NEWPORT Growing up, Wendy Wahl remembers using the Encyclopedia Britannica to gather information for her school papers and homework.
“It was the place to go when you really needed an in-depth explanation or analysis,” she says. “Some of the entries went on for pages and pages.”
Nowadays, Wahl, a South County artist who specializes in all-natural materials such as paper and fabric, is more likely to do her research online. But in Uncovered Grove, a room-filling installation at the Newport Art Museum, Wahl has found a new use for old encyclopedias: turn them into art.

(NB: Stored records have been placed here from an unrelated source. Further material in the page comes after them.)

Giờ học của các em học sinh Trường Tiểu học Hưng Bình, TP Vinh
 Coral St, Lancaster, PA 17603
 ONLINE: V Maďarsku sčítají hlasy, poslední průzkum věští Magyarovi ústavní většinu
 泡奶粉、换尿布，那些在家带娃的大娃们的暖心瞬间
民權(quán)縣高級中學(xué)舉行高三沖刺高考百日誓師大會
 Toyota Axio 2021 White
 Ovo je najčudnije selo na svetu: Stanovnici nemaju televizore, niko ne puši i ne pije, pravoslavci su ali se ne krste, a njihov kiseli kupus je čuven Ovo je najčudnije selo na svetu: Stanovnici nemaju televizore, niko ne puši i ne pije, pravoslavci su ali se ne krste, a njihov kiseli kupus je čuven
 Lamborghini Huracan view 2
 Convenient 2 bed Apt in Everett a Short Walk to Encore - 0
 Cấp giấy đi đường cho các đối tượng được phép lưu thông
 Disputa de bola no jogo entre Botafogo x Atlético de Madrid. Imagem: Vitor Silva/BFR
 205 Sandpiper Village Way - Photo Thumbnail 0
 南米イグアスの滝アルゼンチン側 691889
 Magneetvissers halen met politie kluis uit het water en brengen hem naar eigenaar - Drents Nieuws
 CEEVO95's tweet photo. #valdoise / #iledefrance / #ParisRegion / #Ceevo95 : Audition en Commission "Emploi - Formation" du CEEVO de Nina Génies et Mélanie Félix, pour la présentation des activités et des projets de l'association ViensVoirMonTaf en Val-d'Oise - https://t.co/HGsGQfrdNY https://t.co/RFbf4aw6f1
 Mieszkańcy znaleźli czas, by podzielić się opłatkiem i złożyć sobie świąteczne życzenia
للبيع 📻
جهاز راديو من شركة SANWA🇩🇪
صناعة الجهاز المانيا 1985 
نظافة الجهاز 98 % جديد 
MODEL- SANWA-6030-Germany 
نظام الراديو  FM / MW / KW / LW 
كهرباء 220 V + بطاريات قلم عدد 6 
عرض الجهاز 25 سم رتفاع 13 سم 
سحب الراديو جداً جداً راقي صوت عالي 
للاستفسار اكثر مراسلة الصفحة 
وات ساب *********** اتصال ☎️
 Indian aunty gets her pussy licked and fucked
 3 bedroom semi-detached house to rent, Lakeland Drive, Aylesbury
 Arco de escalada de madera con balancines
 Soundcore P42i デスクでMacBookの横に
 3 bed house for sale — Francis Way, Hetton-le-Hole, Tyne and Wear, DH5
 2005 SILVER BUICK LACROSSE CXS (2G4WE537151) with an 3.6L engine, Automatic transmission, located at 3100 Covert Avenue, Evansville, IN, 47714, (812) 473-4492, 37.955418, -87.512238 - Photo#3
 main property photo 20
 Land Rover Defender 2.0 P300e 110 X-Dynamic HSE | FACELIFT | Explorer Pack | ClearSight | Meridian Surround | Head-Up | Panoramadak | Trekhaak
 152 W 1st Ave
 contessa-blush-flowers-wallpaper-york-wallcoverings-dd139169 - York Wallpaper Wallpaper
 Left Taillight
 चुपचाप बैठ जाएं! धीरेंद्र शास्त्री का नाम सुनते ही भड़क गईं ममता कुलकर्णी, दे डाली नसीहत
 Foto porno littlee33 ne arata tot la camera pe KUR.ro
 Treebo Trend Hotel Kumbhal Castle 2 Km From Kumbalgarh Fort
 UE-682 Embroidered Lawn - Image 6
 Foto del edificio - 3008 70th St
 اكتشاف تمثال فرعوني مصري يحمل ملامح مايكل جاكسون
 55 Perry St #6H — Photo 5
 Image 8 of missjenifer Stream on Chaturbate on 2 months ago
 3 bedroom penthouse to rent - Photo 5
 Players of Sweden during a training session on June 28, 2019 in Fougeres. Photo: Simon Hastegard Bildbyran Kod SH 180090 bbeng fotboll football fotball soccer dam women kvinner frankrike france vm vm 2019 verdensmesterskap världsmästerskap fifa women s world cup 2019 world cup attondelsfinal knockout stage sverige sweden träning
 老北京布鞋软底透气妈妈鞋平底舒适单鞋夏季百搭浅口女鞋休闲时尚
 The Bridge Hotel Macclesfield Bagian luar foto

The installation, which runs through Feb. 3, consists of more than 50,000 pages that Wahl carefully removed from a 1979 edition of the Encyclopedia Britannica. She then used the pages to create a miniature forest, complete with 8-foot-high paper trees and a lush carpet of paper leaves.
“Paper is such a great material to work with,” Wahl said during a tour of the installation last week. “For one thing, everybody is familiar with it. There’s no getting-acquainted period with paper. You don’t need to tell people what it is. You see it and you instantly know what you’re looking at.”
She continued: “Paper is also extremely tactile. It’s almost impossible to see it and not want to touch it, which isn’t surprising since most paper is made to be touched in the form of books, newspapers and magazines. It’s also remarkably tough for something that looks and feels so lightweight.”
Wahl said that working on Uncovered Grove has made her appreciate that toughness even more. Though the installation has been on display since November — and though visitors are encouraged to stir up the paper “leaves” as much as they like — the work has so far held up pretty well.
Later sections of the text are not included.